From the line with "Groot lot boeken" to the line with "Mercedes-Benz EQB 300", retype every line exactly, including those two, and leave out the rest of the data below.

DATASET CONTENT ->
──────

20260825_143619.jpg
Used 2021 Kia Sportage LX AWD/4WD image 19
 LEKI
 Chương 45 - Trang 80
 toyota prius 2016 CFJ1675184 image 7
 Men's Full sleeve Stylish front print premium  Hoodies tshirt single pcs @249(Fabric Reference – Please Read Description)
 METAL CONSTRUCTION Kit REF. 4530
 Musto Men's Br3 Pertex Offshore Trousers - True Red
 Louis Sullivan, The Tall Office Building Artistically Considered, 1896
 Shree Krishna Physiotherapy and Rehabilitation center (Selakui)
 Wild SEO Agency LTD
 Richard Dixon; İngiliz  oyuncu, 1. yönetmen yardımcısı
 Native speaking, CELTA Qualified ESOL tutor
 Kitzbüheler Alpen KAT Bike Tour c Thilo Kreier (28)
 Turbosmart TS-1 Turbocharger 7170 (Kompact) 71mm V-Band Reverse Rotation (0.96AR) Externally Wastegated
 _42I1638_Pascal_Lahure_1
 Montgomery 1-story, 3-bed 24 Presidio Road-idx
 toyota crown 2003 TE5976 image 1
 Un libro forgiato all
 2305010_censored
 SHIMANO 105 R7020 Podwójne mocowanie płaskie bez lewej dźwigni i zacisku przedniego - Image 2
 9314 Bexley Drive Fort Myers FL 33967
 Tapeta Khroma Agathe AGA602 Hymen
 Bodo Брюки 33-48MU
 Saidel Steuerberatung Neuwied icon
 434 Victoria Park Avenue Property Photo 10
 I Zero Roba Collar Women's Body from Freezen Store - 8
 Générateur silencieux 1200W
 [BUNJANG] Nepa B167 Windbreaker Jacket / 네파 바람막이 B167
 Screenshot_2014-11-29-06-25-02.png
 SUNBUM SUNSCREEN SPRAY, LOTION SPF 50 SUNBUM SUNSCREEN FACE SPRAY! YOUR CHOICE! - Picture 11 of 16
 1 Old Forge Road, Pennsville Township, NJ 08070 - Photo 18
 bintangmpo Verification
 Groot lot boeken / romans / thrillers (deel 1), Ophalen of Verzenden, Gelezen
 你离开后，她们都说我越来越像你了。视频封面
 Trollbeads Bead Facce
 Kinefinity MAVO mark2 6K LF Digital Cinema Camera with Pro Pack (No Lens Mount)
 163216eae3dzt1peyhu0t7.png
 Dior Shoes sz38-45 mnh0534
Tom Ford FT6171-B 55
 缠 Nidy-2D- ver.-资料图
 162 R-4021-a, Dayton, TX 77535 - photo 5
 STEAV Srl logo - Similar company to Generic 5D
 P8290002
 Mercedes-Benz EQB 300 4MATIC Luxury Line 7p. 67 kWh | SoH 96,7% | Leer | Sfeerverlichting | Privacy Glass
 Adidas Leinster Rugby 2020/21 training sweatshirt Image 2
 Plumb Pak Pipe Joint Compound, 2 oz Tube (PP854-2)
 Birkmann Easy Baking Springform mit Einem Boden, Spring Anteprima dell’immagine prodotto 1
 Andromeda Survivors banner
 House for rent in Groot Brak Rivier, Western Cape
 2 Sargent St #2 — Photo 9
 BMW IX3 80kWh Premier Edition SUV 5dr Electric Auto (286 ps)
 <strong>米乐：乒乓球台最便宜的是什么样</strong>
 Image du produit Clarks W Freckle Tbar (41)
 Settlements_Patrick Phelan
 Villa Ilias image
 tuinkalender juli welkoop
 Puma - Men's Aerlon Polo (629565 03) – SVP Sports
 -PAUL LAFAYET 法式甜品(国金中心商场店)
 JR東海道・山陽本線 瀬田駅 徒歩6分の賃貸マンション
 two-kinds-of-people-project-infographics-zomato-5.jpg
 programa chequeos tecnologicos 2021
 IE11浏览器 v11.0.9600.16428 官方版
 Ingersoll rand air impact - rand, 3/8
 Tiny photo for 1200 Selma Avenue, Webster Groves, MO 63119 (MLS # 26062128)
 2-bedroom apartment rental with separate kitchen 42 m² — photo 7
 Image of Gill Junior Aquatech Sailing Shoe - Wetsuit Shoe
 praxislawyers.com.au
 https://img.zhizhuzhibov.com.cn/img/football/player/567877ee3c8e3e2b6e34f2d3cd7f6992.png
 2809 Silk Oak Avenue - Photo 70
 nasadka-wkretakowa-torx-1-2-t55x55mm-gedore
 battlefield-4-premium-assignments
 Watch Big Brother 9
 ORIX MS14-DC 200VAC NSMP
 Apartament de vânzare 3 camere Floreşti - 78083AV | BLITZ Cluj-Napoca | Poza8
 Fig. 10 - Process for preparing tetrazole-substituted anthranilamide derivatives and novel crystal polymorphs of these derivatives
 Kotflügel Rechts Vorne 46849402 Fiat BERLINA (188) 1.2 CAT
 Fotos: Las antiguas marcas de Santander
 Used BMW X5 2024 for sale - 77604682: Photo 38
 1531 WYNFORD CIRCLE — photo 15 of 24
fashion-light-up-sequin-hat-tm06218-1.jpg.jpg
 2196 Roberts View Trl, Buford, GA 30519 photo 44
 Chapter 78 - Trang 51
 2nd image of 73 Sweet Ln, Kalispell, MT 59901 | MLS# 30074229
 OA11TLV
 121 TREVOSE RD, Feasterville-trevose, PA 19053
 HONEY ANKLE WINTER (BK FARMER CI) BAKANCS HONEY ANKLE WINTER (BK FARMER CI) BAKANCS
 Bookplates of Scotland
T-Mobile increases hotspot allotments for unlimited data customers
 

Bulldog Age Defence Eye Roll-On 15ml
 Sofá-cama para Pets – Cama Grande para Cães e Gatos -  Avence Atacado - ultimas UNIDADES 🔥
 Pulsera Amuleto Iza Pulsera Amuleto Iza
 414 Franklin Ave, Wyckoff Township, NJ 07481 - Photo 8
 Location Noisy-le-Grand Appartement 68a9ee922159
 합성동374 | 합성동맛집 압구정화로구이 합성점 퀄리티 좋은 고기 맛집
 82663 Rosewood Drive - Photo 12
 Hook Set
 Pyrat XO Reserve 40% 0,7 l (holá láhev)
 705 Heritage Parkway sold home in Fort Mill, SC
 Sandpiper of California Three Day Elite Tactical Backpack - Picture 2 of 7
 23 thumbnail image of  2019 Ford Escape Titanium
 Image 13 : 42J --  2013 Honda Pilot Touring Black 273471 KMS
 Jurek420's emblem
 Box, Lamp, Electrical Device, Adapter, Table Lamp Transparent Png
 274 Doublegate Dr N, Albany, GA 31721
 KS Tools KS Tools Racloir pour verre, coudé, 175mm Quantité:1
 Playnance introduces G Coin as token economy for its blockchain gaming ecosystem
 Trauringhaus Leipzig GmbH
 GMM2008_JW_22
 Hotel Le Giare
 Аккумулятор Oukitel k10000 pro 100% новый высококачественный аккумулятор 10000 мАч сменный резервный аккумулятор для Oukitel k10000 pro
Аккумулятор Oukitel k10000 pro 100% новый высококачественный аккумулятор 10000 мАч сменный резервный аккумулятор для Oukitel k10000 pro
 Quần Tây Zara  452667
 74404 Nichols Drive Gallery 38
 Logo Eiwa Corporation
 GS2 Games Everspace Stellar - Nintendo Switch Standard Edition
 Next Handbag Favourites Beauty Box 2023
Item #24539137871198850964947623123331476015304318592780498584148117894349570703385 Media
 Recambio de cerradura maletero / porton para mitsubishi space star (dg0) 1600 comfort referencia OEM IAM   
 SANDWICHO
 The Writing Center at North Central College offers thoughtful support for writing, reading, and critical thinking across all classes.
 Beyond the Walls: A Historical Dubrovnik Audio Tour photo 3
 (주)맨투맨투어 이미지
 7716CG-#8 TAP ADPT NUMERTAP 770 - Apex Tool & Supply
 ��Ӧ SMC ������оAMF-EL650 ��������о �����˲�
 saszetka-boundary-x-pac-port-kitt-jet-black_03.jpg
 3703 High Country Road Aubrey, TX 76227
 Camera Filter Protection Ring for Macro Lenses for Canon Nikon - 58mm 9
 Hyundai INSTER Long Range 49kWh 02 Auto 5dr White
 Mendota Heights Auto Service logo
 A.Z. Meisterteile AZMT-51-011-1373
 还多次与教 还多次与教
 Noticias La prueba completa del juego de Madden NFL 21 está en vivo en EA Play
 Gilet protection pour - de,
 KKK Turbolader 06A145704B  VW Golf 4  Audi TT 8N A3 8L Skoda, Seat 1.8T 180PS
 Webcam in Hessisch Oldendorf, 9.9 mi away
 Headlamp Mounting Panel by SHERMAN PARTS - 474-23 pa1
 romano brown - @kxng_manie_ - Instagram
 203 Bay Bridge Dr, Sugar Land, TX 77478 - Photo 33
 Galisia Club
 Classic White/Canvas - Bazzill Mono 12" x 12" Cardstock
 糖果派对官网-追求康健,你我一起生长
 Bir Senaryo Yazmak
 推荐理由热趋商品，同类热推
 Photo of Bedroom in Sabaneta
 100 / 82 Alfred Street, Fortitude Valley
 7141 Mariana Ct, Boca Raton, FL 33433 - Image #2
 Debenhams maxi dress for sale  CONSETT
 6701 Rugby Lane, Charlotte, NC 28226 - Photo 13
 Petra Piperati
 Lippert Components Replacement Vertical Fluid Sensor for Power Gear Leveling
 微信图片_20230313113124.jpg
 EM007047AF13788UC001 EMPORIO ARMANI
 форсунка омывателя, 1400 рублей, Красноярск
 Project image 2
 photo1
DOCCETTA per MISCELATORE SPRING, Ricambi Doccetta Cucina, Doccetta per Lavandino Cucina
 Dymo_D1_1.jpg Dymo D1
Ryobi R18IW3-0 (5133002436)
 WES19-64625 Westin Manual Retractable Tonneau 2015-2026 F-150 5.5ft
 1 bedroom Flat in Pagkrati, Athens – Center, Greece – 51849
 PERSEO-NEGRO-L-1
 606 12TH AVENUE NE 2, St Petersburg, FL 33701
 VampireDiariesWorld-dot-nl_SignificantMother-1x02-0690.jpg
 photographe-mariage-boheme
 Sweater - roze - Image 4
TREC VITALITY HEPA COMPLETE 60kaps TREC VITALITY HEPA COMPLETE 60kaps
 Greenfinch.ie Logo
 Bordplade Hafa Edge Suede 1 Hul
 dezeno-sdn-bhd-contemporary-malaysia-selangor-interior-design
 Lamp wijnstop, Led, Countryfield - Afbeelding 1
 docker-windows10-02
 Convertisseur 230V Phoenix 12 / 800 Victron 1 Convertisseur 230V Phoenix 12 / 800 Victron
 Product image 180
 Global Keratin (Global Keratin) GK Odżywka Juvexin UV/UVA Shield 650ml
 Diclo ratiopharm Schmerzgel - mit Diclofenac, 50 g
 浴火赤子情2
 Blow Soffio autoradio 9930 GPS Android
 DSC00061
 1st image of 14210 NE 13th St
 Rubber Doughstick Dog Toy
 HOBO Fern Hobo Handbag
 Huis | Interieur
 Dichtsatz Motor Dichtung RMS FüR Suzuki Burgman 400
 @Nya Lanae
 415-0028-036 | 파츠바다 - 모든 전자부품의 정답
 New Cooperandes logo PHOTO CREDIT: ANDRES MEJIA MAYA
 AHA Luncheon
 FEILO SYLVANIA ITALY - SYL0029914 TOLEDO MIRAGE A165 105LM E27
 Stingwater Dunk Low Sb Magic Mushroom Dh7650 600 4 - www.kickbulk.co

──────

RESPONSE BELOW ->
 Groot lot boeken / romans / thrillers (deel 1), Ophalen of Verzenden, Gelezen
 你离开后，她们都说我越来越像你了。视频封面
 Trollbeads Bead Facce
 Kinefinity MAVO mark2 6K LF Digital Cinema Camera with Pro Pack (No Lens Mount)
 163216eae3dzt1peyhu0t7.png
 Dior Shoes sz38-45 mnh0534
Tom Ford FT6171-B 55
 缠 Nidy-2D- ver.-资料图
 162 R-4021-a, Dayton, TX 77535 - photo 5
 STEAV Srl logo - Similar company to Generic 5D
 P8290002
 Mercedes-Benz EQB 300 4MATIC Luxury Line 7p. 67 kWh | SoH 96,7% | Leer | Sfeerverlichting | Privacy Glass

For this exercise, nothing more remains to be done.